Her throat closes up, so she simply nods and presses a soft kiss to his lips.

Luke's eyes drift shut for a moment, and his chin drops almost do his chest.  He lets out a long breath, then meets her gaze and says, "I love you."

Her smile is wide and she can't even bring it under control when he tries to kiss her.  She laughs into his mouth, then clutches his biceps and kisses him, hard, before pulling back.  She stares into his eyes for a moment.  "I'm sorry, Luke, but I still don't understand--"

"She said you weren't speaking to her," Luke interrupts impatiently.  "And I figured that meant you were still mad, and if you were still mad, there was at least a chance you were still..."  His fingers tighten on her hips.  "Interested."

"Okay."  Lorelai nods.  She doesn't want to keep picking at the subject, but she needs to explain her overreaction.  She needs to be sure of his reasons.  "I just... I know my mother, and it's never easy with her, so if you only came back because you thought she was okay with us, then--"

"She's not okay with us."  Luke grimaces, his arms tensing beneath her fingers.  "I don't think she'll ever be okay with us -- with me -- but I'm not planning on going anywhere.  I'm still not sure you won't regret this, Lorelai."

She's honestly flabbergasted.  It takes her a minute to form words.  "Regret this?" she sputters, sliding her arms up around his neck.  "Are you crazy?"

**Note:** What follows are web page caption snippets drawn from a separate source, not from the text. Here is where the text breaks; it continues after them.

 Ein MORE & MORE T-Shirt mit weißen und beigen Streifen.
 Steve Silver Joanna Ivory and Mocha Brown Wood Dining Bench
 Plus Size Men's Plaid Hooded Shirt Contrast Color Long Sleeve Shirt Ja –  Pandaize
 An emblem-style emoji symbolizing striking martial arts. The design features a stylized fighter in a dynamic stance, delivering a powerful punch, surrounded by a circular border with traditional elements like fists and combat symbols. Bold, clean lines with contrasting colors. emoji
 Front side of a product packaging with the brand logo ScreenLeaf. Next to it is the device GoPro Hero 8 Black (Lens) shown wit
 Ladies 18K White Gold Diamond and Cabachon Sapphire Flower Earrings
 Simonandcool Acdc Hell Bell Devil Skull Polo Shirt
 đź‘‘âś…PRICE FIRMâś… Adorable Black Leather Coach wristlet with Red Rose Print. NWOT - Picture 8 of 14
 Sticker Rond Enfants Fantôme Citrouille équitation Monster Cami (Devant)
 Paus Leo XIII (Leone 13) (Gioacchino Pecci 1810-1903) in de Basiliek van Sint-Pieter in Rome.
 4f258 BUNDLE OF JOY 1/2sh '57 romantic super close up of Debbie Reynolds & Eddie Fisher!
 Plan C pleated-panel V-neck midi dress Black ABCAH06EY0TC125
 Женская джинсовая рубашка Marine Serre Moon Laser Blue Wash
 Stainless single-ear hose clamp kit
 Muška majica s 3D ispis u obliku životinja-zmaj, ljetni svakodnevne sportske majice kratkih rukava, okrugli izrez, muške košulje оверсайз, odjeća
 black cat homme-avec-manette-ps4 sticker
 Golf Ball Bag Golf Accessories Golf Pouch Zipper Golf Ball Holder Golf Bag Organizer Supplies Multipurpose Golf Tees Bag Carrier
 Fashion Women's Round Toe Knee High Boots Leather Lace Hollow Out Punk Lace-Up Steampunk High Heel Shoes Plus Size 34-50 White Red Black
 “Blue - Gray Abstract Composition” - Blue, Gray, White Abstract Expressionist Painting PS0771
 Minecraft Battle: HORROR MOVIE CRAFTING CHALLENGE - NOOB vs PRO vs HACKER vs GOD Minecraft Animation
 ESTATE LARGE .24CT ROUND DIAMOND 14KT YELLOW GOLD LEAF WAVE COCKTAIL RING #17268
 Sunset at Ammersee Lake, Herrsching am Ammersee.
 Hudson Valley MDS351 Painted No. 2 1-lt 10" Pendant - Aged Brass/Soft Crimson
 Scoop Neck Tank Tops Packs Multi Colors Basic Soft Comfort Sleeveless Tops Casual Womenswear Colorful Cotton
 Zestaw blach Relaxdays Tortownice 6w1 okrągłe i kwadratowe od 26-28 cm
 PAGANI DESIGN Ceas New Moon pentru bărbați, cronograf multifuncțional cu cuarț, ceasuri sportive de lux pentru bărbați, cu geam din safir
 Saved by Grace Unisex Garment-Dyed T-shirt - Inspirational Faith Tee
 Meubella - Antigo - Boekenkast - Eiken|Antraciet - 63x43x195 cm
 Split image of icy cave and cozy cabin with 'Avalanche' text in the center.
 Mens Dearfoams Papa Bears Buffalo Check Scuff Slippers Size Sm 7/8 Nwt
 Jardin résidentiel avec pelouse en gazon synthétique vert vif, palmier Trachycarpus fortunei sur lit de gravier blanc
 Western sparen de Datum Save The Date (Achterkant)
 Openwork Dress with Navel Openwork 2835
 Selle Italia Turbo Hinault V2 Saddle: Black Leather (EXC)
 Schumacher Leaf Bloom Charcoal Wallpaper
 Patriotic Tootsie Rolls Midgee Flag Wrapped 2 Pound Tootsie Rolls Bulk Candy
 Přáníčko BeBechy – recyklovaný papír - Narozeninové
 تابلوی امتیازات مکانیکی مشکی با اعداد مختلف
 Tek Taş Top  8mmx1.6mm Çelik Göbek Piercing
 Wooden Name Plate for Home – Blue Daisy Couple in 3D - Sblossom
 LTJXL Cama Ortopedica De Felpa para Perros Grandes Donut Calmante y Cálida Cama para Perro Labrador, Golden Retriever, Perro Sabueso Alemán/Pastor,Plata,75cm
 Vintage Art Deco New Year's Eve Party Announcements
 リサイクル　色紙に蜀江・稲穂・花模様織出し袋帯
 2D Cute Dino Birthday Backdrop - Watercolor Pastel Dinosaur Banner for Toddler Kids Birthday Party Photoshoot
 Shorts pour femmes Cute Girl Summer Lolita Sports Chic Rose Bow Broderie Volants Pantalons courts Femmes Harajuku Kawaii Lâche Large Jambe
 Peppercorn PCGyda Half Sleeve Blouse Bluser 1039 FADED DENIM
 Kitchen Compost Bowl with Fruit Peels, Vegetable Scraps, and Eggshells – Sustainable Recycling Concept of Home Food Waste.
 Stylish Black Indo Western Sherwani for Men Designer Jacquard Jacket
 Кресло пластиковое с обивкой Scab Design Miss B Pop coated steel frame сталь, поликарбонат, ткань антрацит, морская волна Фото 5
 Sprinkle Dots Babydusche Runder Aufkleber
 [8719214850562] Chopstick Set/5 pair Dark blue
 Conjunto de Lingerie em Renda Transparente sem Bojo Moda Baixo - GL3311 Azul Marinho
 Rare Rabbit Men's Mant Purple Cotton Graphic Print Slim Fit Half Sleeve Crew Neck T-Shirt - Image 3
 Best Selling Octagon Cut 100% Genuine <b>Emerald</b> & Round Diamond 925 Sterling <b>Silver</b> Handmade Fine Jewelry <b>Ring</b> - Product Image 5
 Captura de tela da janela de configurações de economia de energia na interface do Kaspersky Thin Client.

He actually gives her a half-smile for that.  "Obviously."

The hollow ache she's been carrying in her chest for weeks has finally eased.  Lorelai feels like she just watched The Ring all by herself in the dark -- all tense and jittery as the adrenaline starts to fade.  She's exhausted, and she can tell from the smudges beneath his eyes that he's not much better.  "Luke?"

"Yeah?"

"I know there's all this stuff we haven't talked about, and that we should talk about, but--"  She slumps against him, burying her face against his neck, smiling as the stubble scratches her nose.  "Can we please go to bed and finish this talking stuff tomorrow?"

He chuckles, his hands clasped together and settling against the small of her back.  "Definitely," he answers, and she can hear the relief in his voice.

"I haven't slept well either," she confesses softly, "without you."

His arms tighten around her, then he releases her and reaches for her hand.  "Then let's get some rest."

She leads him up the stairs for the second time.  On the top stair, she pauses and turns, giving him a tired smile.  "Tell me a bedtime story?"

Luke gives her a heartfelt groan, "Lorelai."

"I'll help you," she offers, tugging him up the last few stairs.  "They start 'Once upon a time...'  Okay, now you go."

"Lorelai," he mutters, following her into the bedroom and dropping onto the mattress.  "I'm not telling you a bedtime story."

"And then," she continues, ignoring his protests as she lifts the sheets and slides into bed, "there has to be a princess.  Probably you should name her Lorelai."

"You're impossible," he tells her, settling in beside her, turning on his side and tossing his arm across her abdomen.

"It's part of my charm," she answers breezily.  "And there's always a prince.  We could call him--"

"We are not calling him Luke."

"Spoilsport."

"Good night," he says, leaning in to kiss her softly.

"'Night," she answers, grinning up at the ceiling.